* PROVIDED RECORDS
* * *

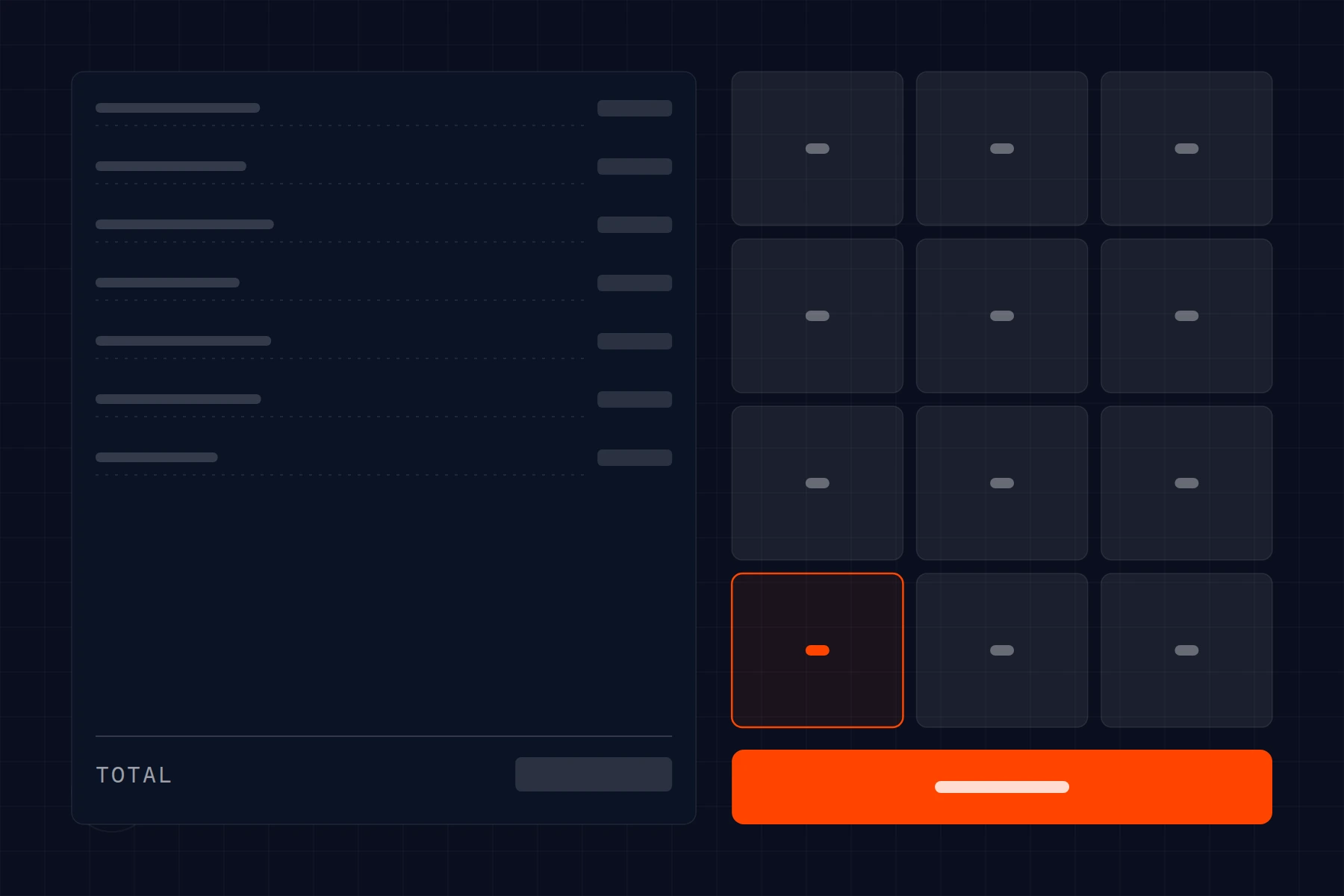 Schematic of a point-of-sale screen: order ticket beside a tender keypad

* * *

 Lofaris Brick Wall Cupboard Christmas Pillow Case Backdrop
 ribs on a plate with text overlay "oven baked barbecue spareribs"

* * *

* EXERCISE DESCRIPTION
Above are the records; from them, give again exactly the lines from the one containing "Lofaris Brick Wall" to the one containing "ribs on a plate", both lines included, and nothing more.

* TASK RESPONSE
 Lofaris Brick Wall Cupboard Christmas Pillow Case Backdrop
 ribs on a plate with text overlay "oven baked barbecue spareribs"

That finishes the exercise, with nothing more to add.